[[ GIVEN RECORDS, beginning ]]

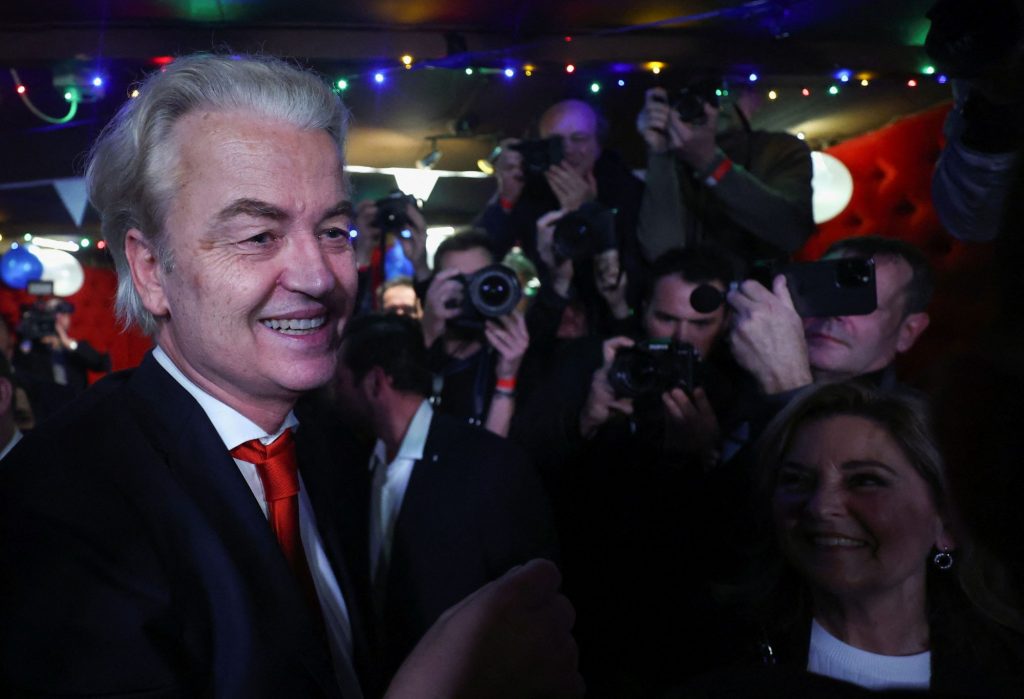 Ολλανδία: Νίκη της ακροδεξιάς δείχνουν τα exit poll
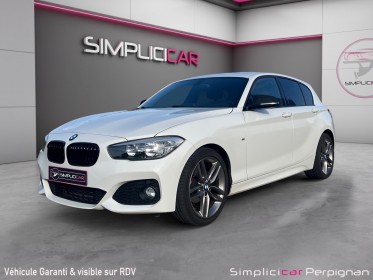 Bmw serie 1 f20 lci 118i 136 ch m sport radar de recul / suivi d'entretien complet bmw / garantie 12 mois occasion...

[[ GIVEN RECORDS, end ]]
[[ GIVEN RECORDS, beginning ]]

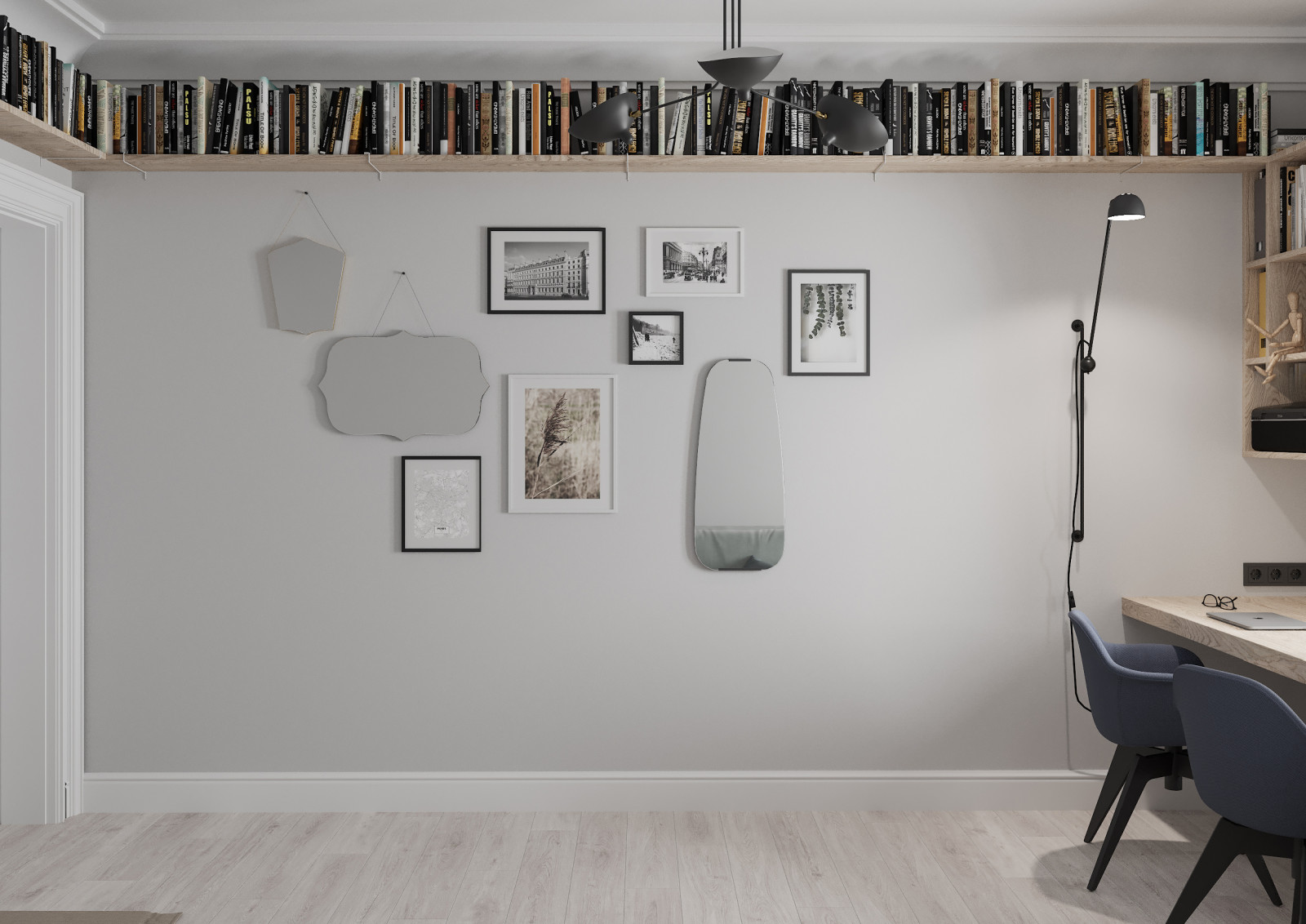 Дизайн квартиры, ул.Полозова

[[ GIVEN RECORDS, end ]]
[[ GIVEN RECORDS, beginning ]]

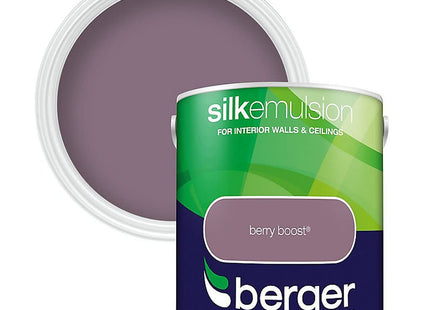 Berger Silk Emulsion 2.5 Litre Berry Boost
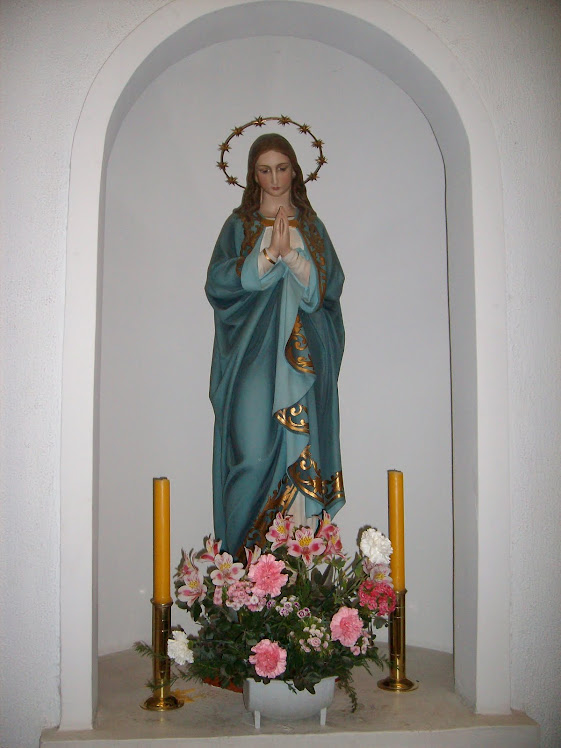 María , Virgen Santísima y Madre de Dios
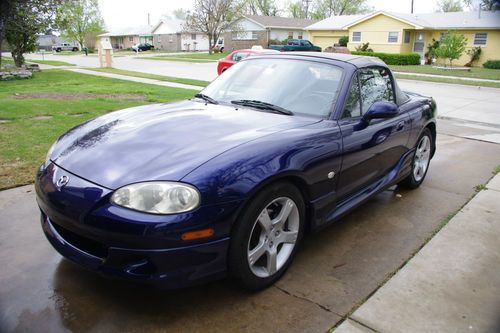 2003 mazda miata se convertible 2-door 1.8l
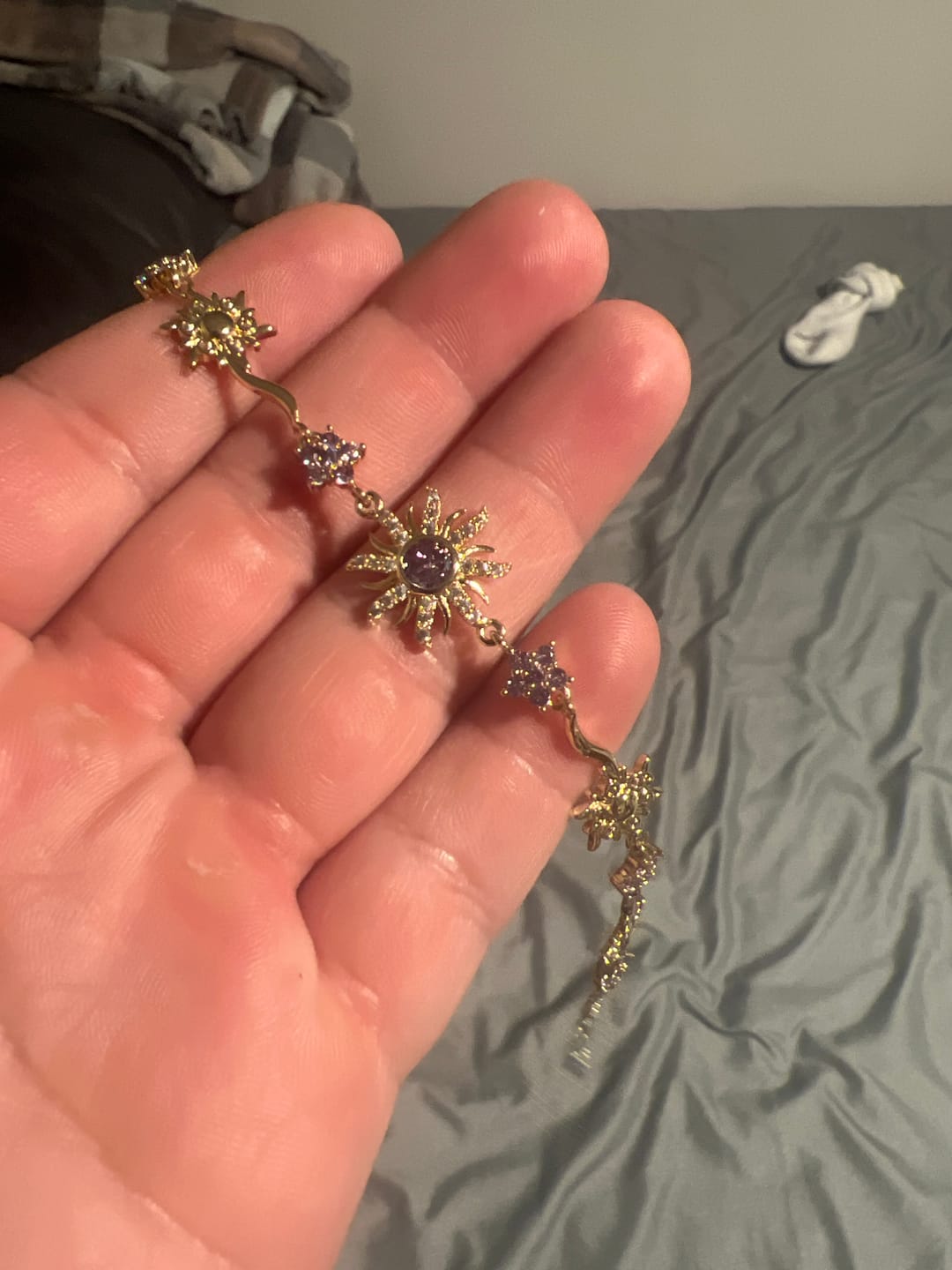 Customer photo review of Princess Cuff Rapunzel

[[ GIVEN RECORDS, end ]]

■ EXERCISE OBJECTIVE ■
Work from the entries above. Set down exactly and only the lines from the line with "Ολλανδία: Νίκη της" to the line with "Bmw serie 1", both included, and leave the pictures out.

■ EXERCISE SOLUTION ■
 Ολλανδία: Νίκη της ακροδεξιάς δείχνουν τα exit poll
 Bmw serie 1 f20 lci 118i 136 ch m sport radar de recul / suivi d'entretien complet bmw / garantie 12 mois occasion...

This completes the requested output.